In the listing that follows, retype every line from the first through the one containing "Antony Morato Herren". Pictures are to be left out.

> **Task input**
------------------------------------------------------------

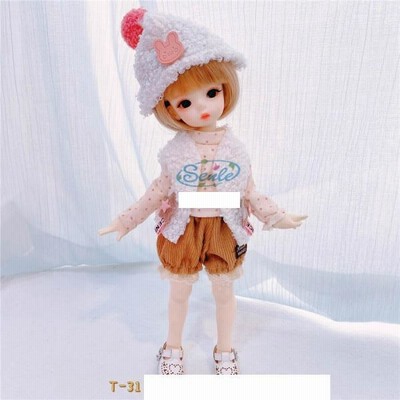 bjd ドール 服の通販 5,513件の検索結果 | LINEショッピング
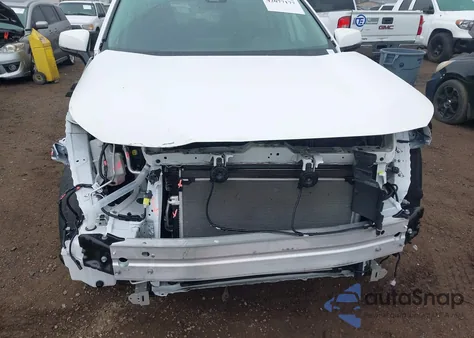 2023 Toyota Rav4 Le z USA, uszkodzony, nr VIN 2T3K1RFV0PW265410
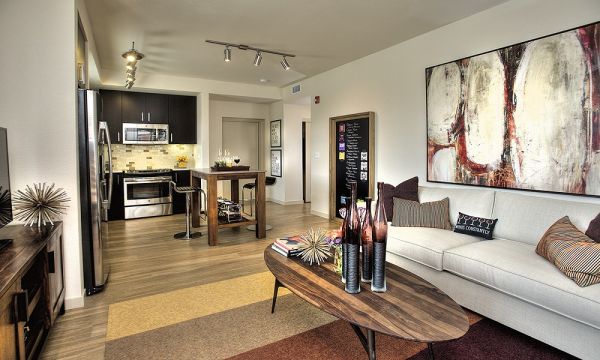 Maison  New York - Location vacances, location saisonnire n75829 Photo n2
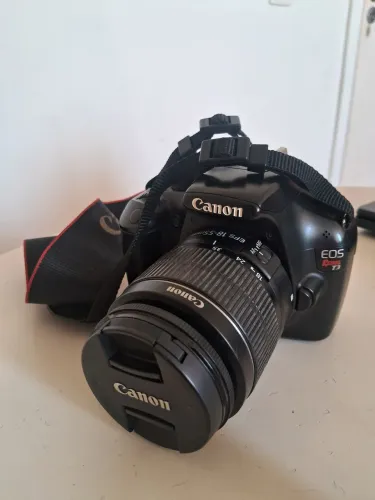 Canon t3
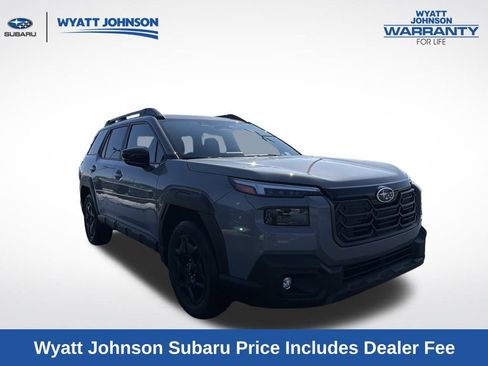 New 2026 Subaru Outback Limited w/ Premium/Limited Package 2 AWD/4WD image 10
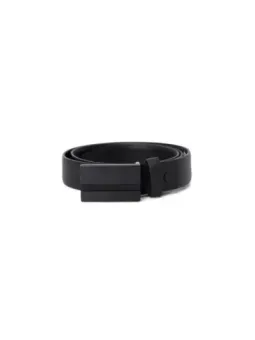 Antony Morato Herren Gürtel Schwarz | online kaufen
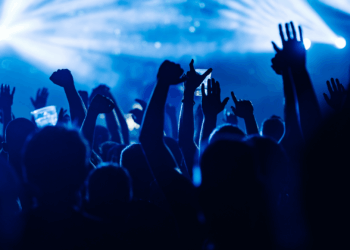 Couple from huge rock band SPLIT after 22 years of marriage and historic 'sexual misconduct' allegations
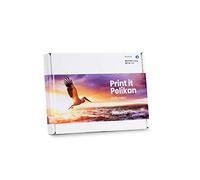 Pelikan promopack p47 cartucho de tinta 4 pieza(s) compatible negro, c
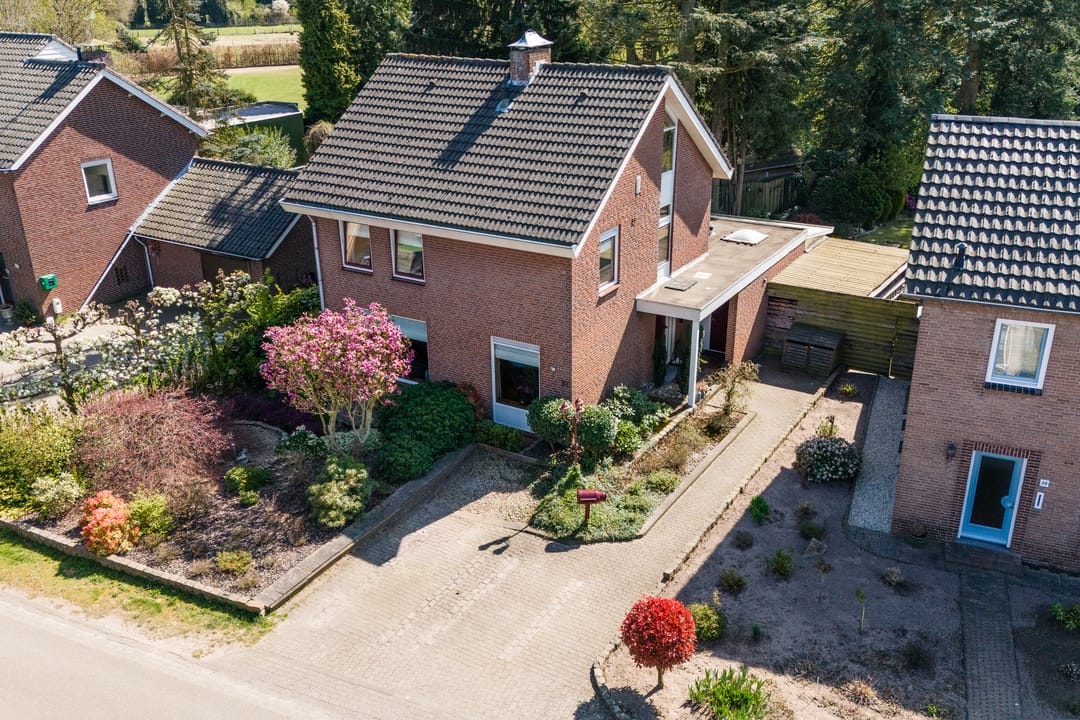 Foto 1 van Sprokkelveld 37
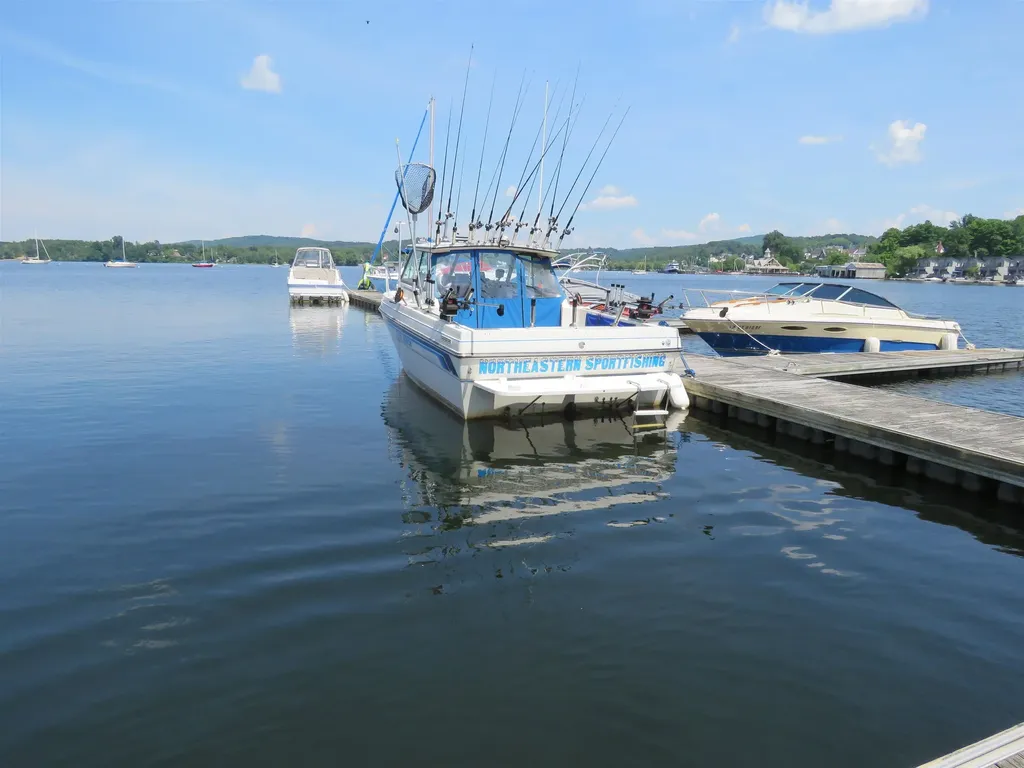 197 Farrants Point Newport City VT 05855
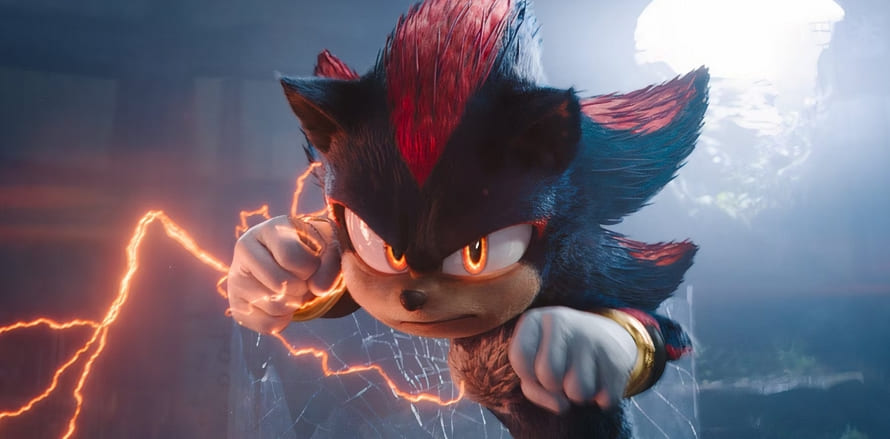 Zdjęcie okładkowe wpisu Sonic 3 – w nowym zwiastunie ukazano ogród Chao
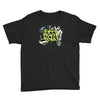zuul house rock Youth Tee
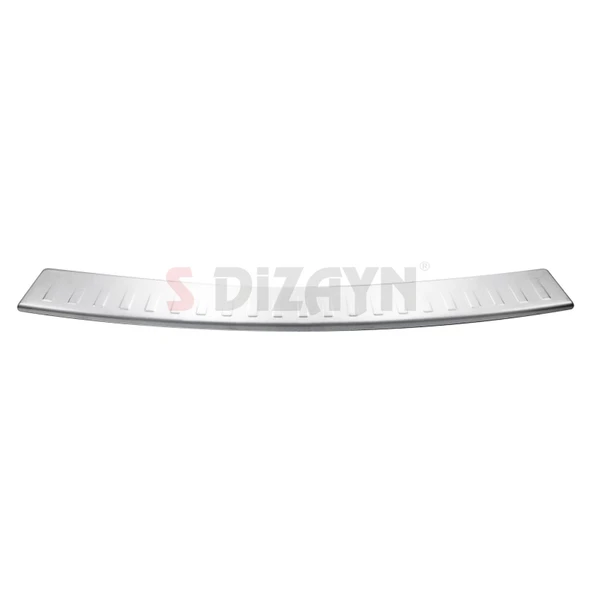 S-Dizayn Opel Mokka Krom Arka Tampon Eşiği 2012-2019 ürün görseli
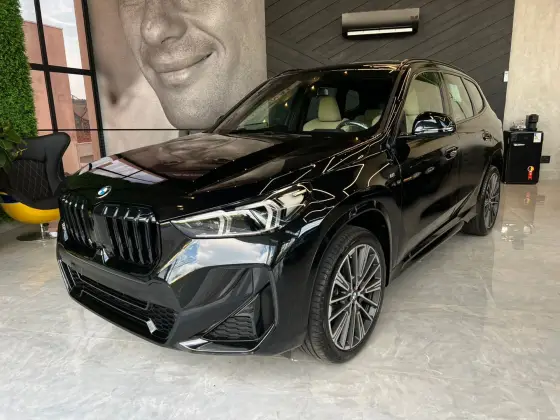 BMW X1 2.0 16V TURBO GASOLINA SDRIVE20I M SPORT STEPTRONIC BMW X1 2.0 16V TURBO GASOLINA SDRIVE20I M SPORT STEPTRONIC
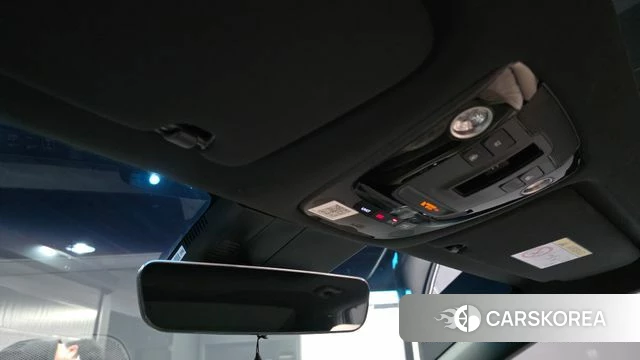 Kia K8 Hybrid id 4614221 из Кореи 22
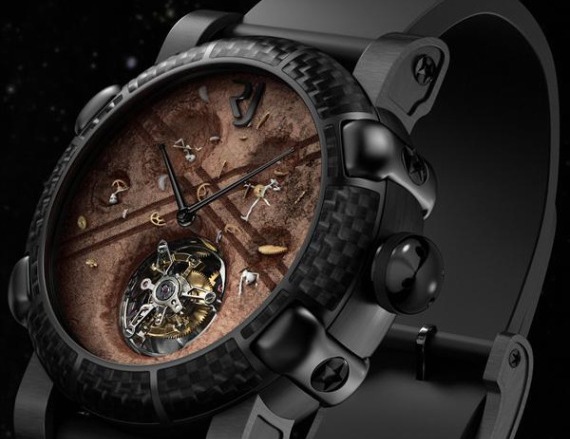 watchfront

------------------------------------------------------------

> **Answer to this task**
 bjd ドール 服の通販 5,513件の検索結果 | LINEショッピング
 2023 Toyota Rav4 Le z USA, uszkodzony, nr VIN 2T3K1RFV0PW265410
 Maison  New York - Location vacances, location saisonnire n75829 Photo n2
 Canon t3
 New 2026 Subaru Outback Limited w/ Premium/Limited Package 2 AWD/4WD image 10
 Antony Morato Herren Gürtel Schwarz | online kaufen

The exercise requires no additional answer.